This essay aims to analyze the function of the narrator in the 1993 movie, “Carlito’s Way,” directed by well-respected filmmaker, Brian De Palma. I will focus on how the narrator manipulates the audience due to his impartially interventions with the purpose of establishing a close relationship with them. The first scene of the movie is a good example of an internal narrator, who “guides” the audience through the plot of the movie through a flashback.
However, before moving the viewer to the action, the narrator anticipates the beginning of the outcome of the film, thus giving us enough information to guess what could happen at the end. In this manner, thanks to the narrator, we know important information earlier than other characters so he already attracts us to him. Nevertheless, he does not disclose all the information to maintain suspense. In addition to this, we should also consider the subjectivity of the narrator’s point of view when he is on the stretcher and the camera spins around, which intensifies his personal perspective as a part of the manipulative device.

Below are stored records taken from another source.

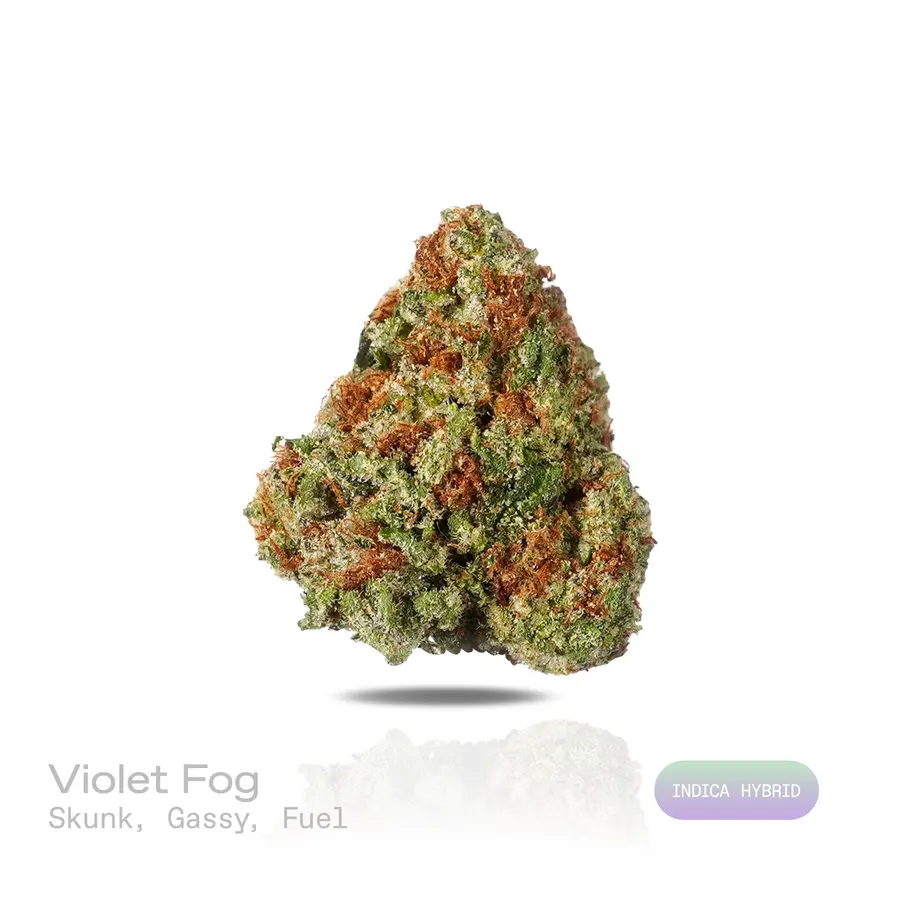 Violet Fog THCa Flower (Indoor) (Indica Hybrid)
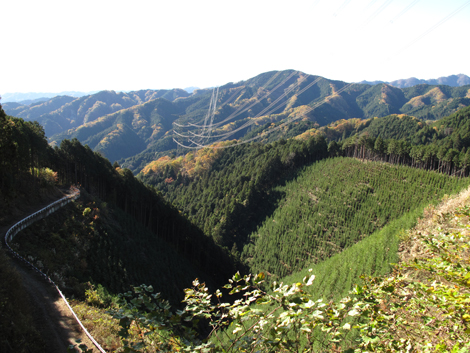 20151127hike (109)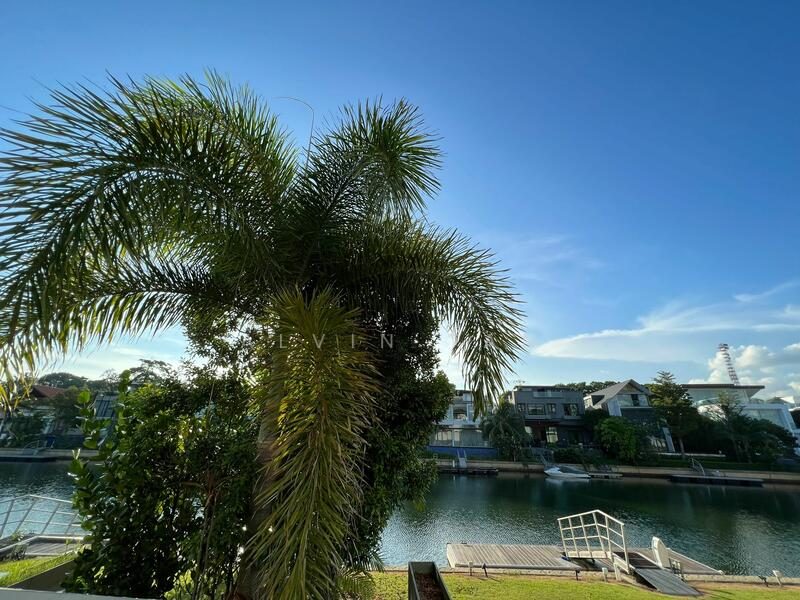 Pearl Island — photo 12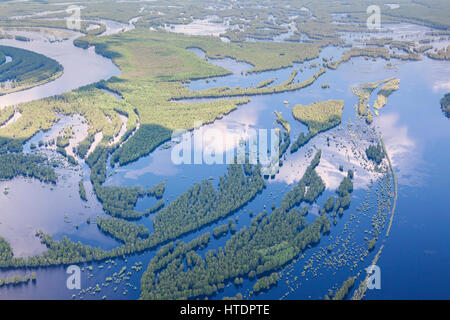 Aerial view flooded forest plains in summer. Stock Photo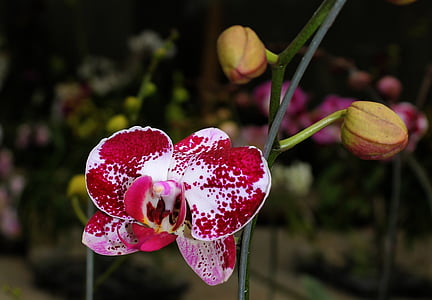 Orkide, kestane rengi, bitki, çiçek, doğa, açık havada, pembe renk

Another interesting scene is that in which Carlito (Al Pacino) escapes from the brawl that has been between his cousin, Rolando and other gangsters. During his flight, the narrator’s voice is activated to tell us the protagonist’s intention of leaving the city and starting another life. This is how we are the first to know his new aim; the narrator is giving us the privilege to manage this information before the other characters know about it. Thereby, even though he just killed several men, we tend to identify ourselves with this character due to the narrator’s hopeful statement of intentions.
Two more scenes should be taken into account: one is that in which the narrator tells us how he met his lawyer, David (Sean Penn) and what kind of relationship they have. We have seen David other times on screen but until the narrator does not explain who he is, we ignore his function in the film. The narrator clarifies their friendship since the very beginning to allow the audience to understand Carlito’s loyal position during the film, thus making us feel admiration for him although he eventually “kills” David.
The other important scene belongs to the romantic storyline of the movie. There, Carlito shows his feelings for Gail (Penelope Ann Miller) by means of the narrator’s voice. He makes us his confidants and tells us many more things than he will tell Gail. Therefore, in these two scenes, through the narrator, positive features of Carlito are presented-allegiance and sensitivity-so his dark past is attenuated in order to extoll character’s good aspects rather than bad ones.
As a result, this manipulation gets that we empathize with Carlito. To sum up, the protagonist’s role as an internal narrator prevents him from displaying an objective vision of the story. Although his interventions seem random, behind them a system of handling is hidden. That is, the narrator adopts the strategic position of showing his feelings with the aim of winning over the audience and achieving a kind of complicity with us. Consequently, we may think Carlito has good qualities but, actually, he is an antihero.